Fernando Schweitzer, Florianópolis-SC - Ator Não-Global, Diretor Teatral, Cantor, Escritor e Jornalista
"A liberdade da mídia não se mede pelo que se pode dizer, mas pelo que se ousa mudar." Muito se falou e muito mais se falará sobre política, mídia e futebol. Três pilares da discussão social que, em tempos de polarização extrema, assumem contornos ainda mais radicais. O mundo de 2025 se vê novamente imerso no retorno da ultradireita, reconfigurando narrativas e redefinindo as prioridades do entretenimento e da informação.
A TV, como reflexo da sociedade, espelha essas mudanças e, em alguns casos, reforça suas estruturas. No Brasil, onde a tradicional dominação das grandes emissoras sempre ditou o consumo midiático, a rigidez dos formatos e a busca incessante por status continuam sendo elementos centrais na cultura televisiva. Mas até que ponto esse modelo ainda se sustenta?
O Paradigma da TV Aberta: Brasil x Argentina
Ao visitar Buenos Aires, é impossível não notar um ecossistema televisivo distinto do brasileiro. A líder argentina, Telefe, embora ocupando um papel dominante, apresenta uma dinâmica diferente: a busca pelo conteúdo acima do status. Um exemplo clássico é o programa CQC, originado na produtora independente Cuatro Cabezas e transmitido por diferentes canais no mundo ao longo dos anos e em seu país nativo mudou de emissora algumas vezes.

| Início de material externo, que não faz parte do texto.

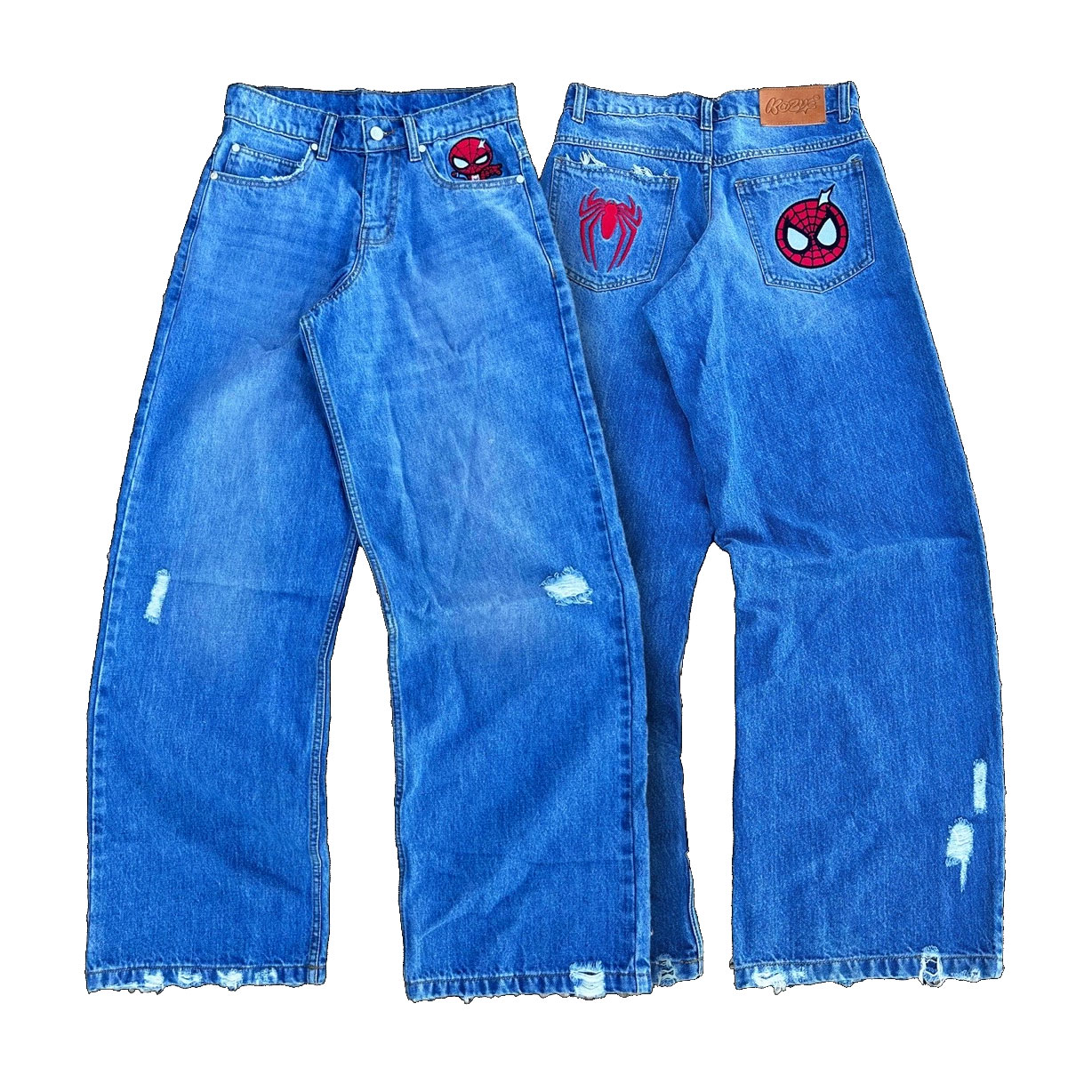 Custom Anime Jeans Trousers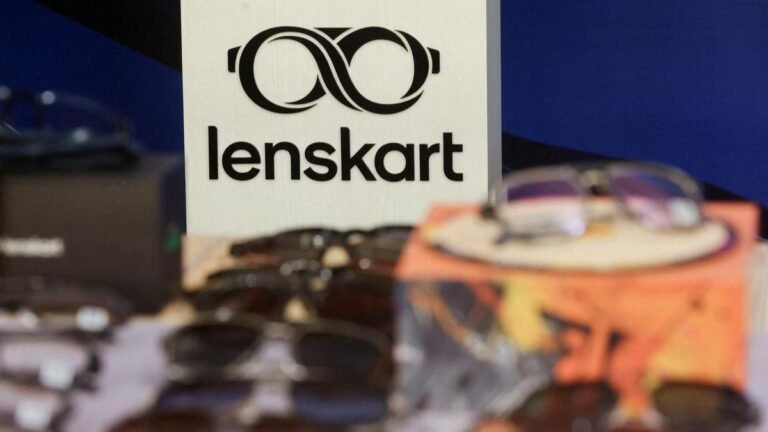 Lenskart shares slide as ₹3,294 crore block deal hits on lock-in expiry day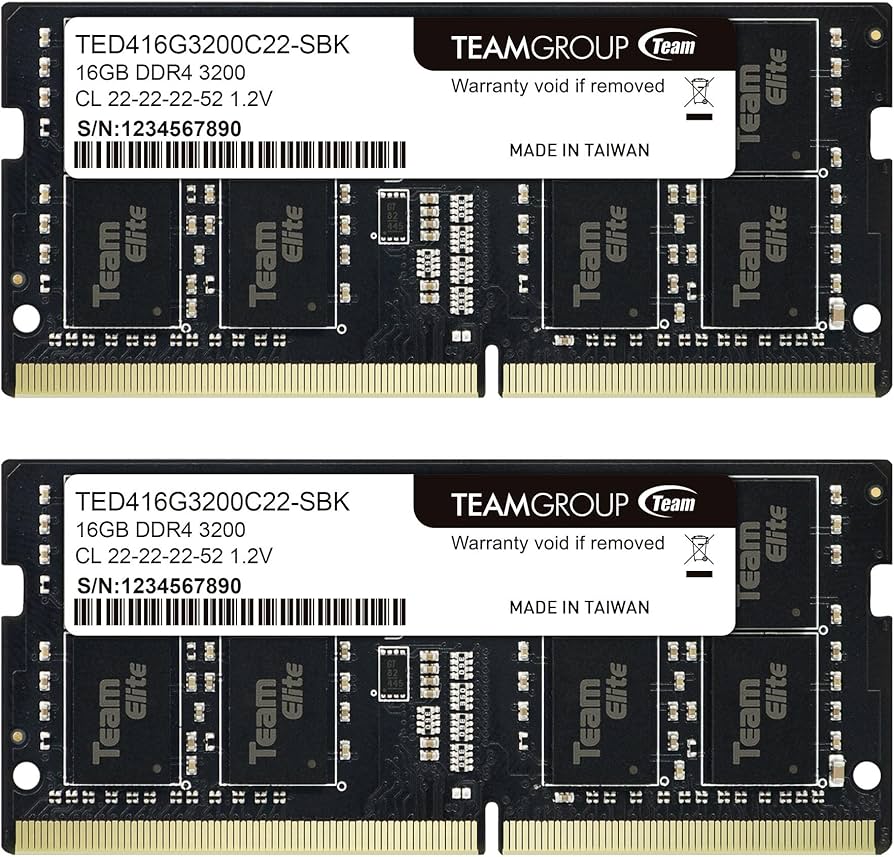 TEAMGROUP 32GB（16GB×2） DDR4 3200MHz メモリー Amazon.co.jp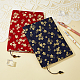 Sakura Pattern Cloth Book Covers(AJEW-WH0413-51A)-5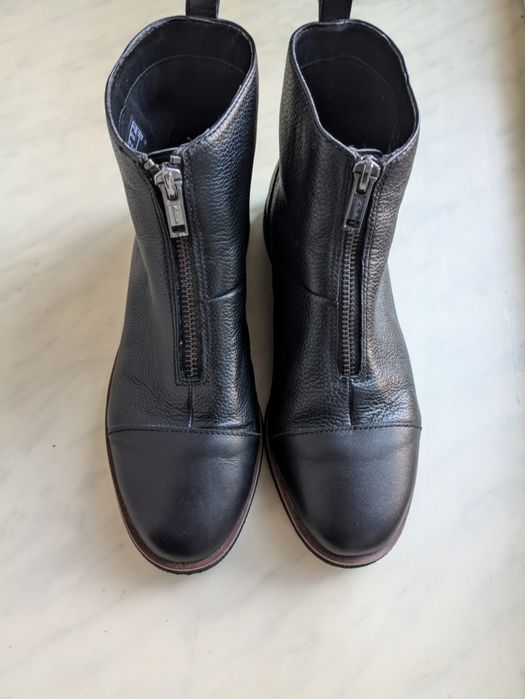 24см Ботильйони clarks сапоги зимові теплі
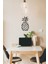 Ananas Ahşap Dekoratif Tablo UNT-012 3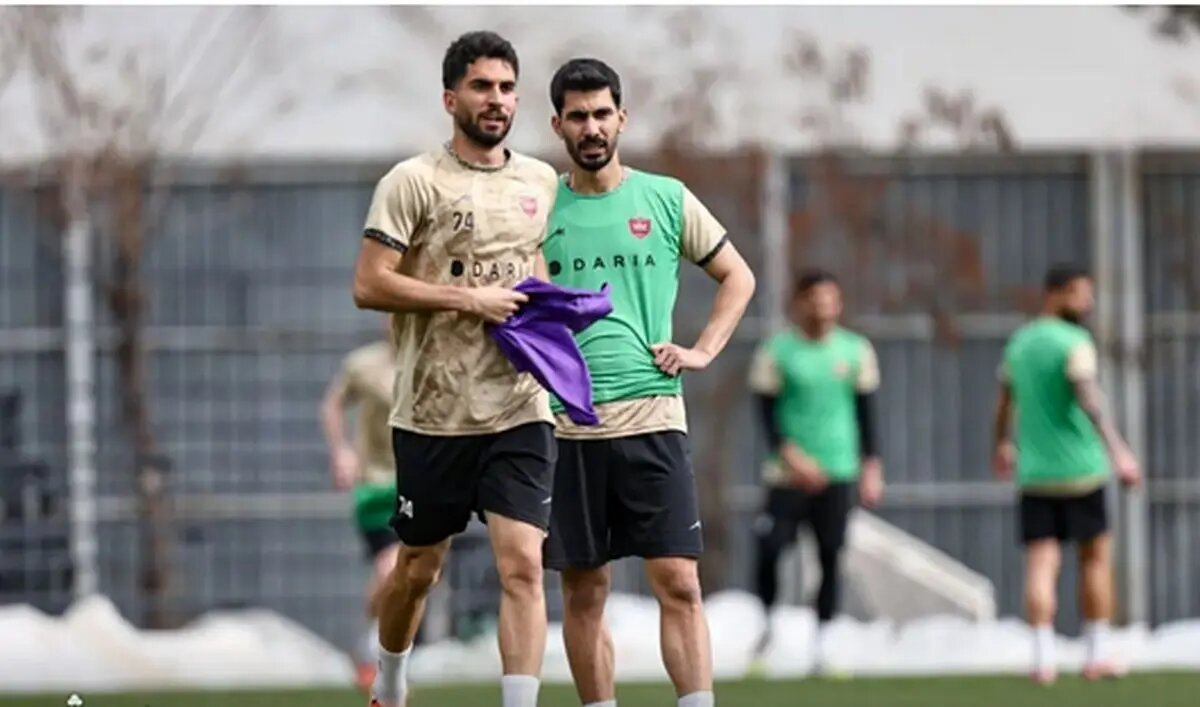 رضا شکاری و محمد عمری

No Brasil, essa mobilidade televisiva é rara. Programas como "Ídolos" apenas migraram de emissora devido a questões contratuais internacionais. Fora isso, formatos se mantêm estagnados e, mesmo quando perdem seu elenco principal, persistem como marcas imutáveis. Isso cria uma estrutura de dependência de grandes redes, fazendo com que a qualidade seja frequentemente subordinada à reputação de seus astros e não ao potencial criativo.
A Nova Ordem Midiática e o Avanço da Ultradireita
Com o renascimento da ultradireita ao redor do mundo, incluindo o Brasil, a comunicação passa a ser instrumentalizada de forma ainda mais incisiva. O discurso de que apenas "uma verdade oficial" deve prevalecer cresce, minando espaços de experimentação cultural e consolidando um oligopólio ideológico na mídia.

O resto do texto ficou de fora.